The newspaper crunched the numbers for individual schools but published only district-level data online. One of several stories about the analysis hints at school-level findings for the city. It says, “Though high-poverty city schools were more likely to have suspicious tests, improbable scores also showed up in an exclusive public school for the gifted on the Upper West Side of Manhattan.”
The AJC analysis comes at a time when New York State officials have turned their attention to test security, galvanized by cheating scandals in Atlanta and elsewhere. Last week, the state for the first time appointed a test integrity czar whose job is to lead a team in rooting out cheating through on-the-ground investigations and statistical analysis. But a proposal to fund a sophisticated tool to detect likely cheating, erasure analysis, appears poised to be shut out of the state budget.

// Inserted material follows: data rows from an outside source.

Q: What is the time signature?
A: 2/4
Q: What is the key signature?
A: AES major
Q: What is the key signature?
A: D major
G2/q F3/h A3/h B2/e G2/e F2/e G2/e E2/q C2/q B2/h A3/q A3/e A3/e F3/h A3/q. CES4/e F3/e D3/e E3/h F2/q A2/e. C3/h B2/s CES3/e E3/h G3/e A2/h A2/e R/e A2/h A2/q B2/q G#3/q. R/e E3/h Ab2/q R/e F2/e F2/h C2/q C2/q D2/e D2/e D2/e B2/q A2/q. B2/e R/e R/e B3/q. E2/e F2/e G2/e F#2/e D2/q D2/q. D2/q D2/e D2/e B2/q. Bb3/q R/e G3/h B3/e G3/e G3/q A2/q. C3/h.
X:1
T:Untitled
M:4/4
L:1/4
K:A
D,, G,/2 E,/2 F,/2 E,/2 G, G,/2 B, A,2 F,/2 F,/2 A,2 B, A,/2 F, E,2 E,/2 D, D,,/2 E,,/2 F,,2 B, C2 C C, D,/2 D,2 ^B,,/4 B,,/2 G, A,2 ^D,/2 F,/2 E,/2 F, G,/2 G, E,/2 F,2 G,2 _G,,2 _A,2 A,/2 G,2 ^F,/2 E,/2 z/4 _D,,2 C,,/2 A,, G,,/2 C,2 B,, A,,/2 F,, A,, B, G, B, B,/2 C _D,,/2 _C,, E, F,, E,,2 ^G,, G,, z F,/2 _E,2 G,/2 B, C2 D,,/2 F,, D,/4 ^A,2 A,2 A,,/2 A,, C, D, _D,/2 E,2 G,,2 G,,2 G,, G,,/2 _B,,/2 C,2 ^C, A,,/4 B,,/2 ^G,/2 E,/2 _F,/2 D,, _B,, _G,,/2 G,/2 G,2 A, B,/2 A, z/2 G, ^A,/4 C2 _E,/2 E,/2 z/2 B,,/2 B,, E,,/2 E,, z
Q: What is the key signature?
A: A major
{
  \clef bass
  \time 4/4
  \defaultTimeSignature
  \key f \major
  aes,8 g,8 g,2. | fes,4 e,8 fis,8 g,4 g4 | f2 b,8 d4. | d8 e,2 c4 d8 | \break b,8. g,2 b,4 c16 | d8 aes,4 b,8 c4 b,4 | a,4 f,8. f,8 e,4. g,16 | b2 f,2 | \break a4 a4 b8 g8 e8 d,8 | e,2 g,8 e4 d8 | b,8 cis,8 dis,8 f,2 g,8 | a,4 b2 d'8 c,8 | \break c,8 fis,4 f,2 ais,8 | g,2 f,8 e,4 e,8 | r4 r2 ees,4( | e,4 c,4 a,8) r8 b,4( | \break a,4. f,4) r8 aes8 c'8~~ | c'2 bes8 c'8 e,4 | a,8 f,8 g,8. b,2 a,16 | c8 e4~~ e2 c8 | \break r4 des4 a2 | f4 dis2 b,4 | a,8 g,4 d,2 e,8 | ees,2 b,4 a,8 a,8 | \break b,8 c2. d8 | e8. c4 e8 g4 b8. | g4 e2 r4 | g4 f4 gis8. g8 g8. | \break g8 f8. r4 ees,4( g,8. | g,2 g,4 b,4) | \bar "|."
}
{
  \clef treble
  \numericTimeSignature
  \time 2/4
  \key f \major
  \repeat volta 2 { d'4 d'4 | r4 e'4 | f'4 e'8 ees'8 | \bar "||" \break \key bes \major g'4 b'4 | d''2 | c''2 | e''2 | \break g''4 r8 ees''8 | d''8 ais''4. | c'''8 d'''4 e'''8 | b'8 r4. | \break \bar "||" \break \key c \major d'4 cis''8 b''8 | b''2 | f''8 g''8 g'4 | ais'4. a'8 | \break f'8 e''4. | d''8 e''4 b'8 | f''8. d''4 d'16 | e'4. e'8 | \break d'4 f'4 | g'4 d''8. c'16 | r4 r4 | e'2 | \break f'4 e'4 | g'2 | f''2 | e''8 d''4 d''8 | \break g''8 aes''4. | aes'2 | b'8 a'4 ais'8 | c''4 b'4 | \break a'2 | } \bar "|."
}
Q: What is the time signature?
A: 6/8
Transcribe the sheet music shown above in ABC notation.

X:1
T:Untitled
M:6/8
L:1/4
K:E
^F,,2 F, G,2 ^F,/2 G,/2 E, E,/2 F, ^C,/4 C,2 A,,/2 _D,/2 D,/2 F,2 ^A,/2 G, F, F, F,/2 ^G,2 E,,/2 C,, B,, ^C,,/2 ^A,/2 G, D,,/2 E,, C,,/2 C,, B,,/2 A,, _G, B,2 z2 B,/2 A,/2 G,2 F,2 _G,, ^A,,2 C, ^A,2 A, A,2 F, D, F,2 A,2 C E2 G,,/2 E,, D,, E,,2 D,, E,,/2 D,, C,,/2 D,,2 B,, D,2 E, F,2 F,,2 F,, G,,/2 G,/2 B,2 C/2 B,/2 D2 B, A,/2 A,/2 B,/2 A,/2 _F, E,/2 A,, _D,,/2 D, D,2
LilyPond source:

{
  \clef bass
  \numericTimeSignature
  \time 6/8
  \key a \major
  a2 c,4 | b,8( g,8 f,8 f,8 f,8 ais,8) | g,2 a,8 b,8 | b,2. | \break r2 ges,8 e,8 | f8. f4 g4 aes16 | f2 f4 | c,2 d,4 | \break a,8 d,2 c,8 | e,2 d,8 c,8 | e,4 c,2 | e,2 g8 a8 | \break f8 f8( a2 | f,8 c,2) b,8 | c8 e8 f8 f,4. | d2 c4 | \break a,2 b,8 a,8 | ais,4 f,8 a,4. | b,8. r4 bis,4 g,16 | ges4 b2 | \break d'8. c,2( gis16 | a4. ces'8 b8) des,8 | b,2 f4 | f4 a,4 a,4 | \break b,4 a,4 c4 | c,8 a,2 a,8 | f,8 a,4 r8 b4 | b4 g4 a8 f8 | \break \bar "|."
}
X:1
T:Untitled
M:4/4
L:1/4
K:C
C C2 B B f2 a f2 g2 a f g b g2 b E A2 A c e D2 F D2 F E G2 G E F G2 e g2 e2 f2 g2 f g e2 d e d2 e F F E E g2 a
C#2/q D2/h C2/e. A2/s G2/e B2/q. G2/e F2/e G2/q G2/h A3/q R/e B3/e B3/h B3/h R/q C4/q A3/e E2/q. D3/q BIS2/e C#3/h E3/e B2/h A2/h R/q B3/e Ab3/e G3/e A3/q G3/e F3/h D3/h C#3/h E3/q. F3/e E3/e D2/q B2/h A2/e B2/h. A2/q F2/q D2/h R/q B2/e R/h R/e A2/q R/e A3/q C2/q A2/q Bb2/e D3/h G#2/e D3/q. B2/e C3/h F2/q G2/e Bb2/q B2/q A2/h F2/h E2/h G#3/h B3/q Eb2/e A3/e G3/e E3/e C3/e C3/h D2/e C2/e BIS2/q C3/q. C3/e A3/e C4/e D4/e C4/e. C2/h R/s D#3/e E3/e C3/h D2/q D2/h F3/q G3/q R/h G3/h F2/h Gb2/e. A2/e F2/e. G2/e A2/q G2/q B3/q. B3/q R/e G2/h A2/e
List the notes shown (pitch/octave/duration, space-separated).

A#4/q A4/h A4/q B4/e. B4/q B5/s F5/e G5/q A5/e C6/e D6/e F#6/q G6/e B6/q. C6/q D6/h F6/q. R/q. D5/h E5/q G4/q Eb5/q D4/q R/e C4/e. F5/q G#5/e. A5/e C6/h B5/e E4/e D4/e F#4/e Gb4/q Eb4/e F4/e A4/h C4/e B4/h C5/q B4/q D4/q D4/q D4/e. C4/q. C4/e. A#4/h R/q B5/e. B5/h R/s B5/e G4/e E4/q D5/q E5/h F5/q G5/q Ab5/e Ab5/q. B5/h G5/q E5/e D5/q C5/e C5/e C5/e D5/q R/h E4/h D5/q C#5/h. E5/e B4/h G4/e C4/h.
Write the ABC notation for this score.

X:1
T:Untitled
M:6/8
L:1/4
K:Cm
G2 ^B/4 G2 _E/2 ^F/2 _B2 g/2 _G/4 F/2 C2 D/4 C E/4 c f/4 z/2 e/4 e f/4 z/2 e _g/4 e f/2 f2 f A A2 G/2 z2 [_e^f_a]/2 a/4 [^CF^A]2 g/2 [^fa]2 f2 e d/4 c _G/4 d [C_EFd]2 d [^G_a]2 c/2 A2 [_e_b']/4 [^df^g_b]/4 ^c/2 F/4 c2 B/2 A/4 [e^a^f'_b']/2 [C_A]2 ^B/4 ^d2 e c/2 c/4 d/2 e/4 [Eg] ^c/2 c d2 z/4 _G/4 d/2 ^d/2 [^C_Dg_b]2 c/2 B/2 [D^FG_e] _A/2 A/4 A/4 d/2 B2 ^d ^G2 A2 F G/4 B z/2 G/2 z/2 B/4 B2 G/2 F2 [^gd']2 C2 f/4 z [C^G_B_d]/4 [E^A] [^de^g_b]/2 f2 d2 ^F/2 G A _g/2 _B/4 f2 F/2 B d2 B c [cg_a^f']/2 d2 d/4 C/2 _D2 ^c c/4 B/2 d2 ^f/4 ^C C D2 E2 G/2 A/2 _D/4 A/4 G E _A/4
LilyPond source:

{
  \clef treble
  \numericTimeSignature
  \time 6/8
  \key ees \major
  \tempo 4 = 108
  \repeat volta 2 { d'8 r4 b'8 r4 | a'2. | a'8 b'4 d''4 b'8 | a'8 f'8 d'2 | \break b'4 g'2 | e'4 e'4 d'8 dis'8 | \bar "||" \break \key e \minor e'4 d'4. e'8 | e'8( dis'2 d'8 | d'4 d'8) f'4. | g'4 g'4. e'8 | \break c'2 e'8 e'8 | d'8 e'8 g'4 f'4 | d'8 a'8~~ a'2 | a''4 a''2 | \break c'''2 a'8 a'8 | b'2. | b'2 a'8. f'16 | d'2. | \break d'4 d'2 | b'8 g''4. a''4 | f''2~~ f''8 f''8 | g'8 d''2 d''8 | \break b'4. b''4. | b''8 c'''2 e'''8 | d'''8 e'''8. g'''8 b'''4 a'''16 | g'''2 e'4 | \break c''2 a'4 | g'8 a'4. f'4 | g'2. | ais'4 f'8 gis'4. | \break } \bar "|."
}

City Department of Education officials have long maintained that the city’s test security practices exceed what is required by the state, although the officials have said more could be done — at a steep cost — to ensure that city test scores are sound.
Unlike “value-added” analyses of the type that will factor into New York’s teacher evaluations, the AJC analysis does not control for students’ demographics or even assure that the same students are in the tested groups each year. Gary Miron, an education researcher who reviewed the data, said the analysis was less informative than one conducted last year by USA Today into test scores in Washington, D.C.
“We all need to be concerned about cheating and its implications,” Miron wrote on The Answer Sheet, a Washington Post blog that is frequently critical of school reform efforts. “At the same time, we need to be leery of sensational attempts to secure headlines with weak and incomplete analyses.”
The analysis found red flags twice as often at charter schools, but the district data do not reflect charter schools’ scores.
Eric Gordon, the head of Cleveland’s schools, issued a striking rejoinder to suggestions that cheating had taken place in his district.
“In all candor, if I thought we had a widespread cheating problem in the district, I would expect our achievement to look quite a bit better than it does,” Gordon told the Dayton Daily News.